Kenyon argues that by May 2011, when Harrier signed the release, Harrier was aware of the all the facts relevant to its cause of action, including that Kenyon was handling annuities for Harrier until May 1, 2006. However, as discussed above, Kenyon's misrepresentations continued at least until April 6, 2011, when Mr. Loughnane, Kenyon's managing partner, advised Harrier that "Kenyon assumed no responsibility for payment of annuities" after "the transfer of responsibility of annuity payments from Kenyon to CPA in 2005 . . ." 2d Am. Compl. Ex. Q. Moreover, Harrier argues that it did not learn the extent of Kenyon's misrepresentations and intentional concealment until 2012, when Kenyon was forced to produce documents under orders from this Court.

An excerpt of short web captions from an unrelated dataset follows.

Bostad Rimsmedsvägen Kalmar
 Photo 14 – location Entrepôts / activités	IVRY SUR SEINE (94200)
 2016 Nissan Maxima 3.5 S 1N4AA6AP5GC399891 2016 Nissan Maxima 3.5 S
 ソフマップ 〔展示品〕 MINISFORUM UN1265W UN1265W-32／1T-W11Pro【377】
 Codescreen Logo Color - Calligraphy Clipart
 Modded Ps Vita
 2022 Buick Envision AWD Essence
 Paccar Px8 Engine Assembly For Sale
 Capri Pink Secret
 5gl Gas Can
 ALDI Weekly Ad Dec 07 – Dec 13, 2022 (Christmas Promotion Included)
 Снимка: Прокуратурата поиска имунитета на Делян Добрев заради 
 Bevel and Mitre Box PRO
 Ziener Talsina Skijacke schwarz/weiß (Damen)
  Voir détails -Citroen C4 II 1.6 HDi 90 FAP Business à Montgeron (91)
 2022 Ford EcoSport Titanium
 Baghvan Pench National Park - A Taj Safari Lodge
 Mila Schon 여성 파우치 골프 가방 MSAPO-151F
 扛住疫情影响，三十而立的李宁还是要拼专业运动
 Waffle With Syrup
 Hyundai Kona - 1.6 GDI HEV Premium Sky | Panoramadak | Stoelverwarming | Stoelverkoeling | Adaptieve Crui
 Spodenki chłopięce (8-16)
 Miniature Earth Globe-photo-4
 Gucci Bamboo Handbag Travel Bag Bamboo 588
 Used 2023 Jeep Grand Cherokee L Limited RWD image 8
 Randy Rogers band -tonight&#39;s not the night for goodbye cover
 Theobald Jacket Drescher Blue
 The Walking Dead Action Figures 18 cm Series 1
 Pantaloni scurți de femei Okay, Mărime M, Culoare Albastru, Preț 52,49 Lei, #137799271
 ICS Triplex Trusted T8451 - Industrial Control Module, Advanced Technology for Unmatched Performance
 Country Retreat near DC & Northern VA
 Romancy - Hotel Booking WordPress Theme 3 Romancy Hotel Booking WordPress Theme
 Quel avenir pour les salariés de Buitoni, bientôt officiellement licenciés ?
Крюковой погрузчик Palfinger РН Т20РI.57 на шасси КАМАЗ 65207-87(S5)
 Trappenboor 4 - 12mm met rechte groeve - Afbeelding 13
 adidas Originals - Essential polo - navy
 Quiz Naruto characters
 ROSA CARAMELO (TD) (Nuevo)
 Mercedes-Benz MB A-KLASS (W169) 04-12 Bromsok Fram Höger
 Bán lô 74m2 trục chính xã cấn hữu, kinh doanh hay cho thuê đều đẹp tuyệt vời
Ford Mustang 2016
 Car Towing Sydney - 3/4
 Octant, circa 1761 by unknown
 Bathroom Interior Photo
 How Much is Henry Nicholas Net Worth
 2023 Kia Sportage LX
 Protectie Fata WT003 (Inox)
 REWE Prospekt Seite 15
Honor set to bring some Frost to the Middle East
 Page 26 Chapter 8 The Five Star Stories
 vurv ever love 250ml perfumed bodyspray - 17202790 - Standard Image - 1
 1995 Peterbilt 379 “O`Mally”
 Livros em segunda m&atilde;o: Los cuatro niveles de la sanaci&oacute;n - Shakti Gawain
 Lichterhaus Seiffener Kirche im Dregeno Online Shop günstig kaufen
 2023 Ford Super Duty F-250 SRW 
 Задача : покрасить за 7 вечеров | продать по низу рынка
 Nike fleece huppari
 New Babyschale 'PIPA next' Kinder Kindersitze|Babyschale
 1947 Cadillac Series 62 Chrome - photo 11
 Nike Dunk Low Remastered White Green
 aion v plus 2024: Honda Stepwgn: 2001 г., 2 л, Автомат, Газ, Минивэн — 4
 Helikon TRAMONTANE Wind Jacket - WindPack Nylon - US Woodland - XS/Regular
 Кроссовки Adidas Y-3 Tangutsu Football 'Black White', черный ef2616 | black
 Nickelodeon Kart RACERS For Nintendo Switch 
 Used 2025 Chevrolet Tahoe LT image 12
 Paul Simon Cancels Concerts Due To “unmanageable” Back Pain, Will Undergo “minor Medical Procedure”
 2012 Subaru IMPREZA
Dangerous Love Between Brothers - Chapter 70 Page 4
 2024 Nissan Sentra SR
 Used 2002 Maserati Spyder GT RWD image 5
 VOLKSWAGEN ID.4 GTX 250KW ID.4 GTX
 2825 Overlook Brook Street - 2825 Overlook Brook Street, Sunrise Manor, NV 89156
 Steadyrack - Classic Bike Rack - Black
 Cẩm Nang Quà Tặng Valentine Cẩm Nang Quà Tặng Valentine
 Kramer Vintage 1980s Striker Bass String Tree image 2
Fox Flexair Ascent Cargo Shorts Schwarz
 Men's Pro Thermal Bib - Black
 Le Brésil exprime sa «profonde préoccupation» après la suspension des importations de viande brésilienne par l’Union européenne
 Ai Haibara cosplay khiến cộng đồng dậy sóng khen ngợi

Essentially, Kenyon asks the Court to find that Harrier disbelieved Kenyon, its own law firm, whom Harrier hired to investigate the lapsed payments. However, for purposes of a motion to dismiss, the Court accepts all well-pleaded allegations as true and draws all reasonable inferences in favor of the plaintiff. Accordingly, at this stage, Harrier's allegations against Kenyon will not be dismissed because of the May 31, 2011 release.
Count III of Harrier's complaint alleges fraudulent concealment against Kenyon, but Kenyon argues that Connecticut does not recognize an independent cause of action for fraudulent concealment. Harrier responds that the tort of "fraudulent nondisclosure" does exist.
The essential elements of an action in fraud are: "(1) that a false representation was made as a statement of fact; (2) that it was untrue and known to be untrue by the party making it; (3) that it was made to induce the other party to act on it; and (4) that the latter did so act on it to his injury."
For the foregoing reasons, Kenyon's motion to dismiss [Doc. # 89] is DENIED.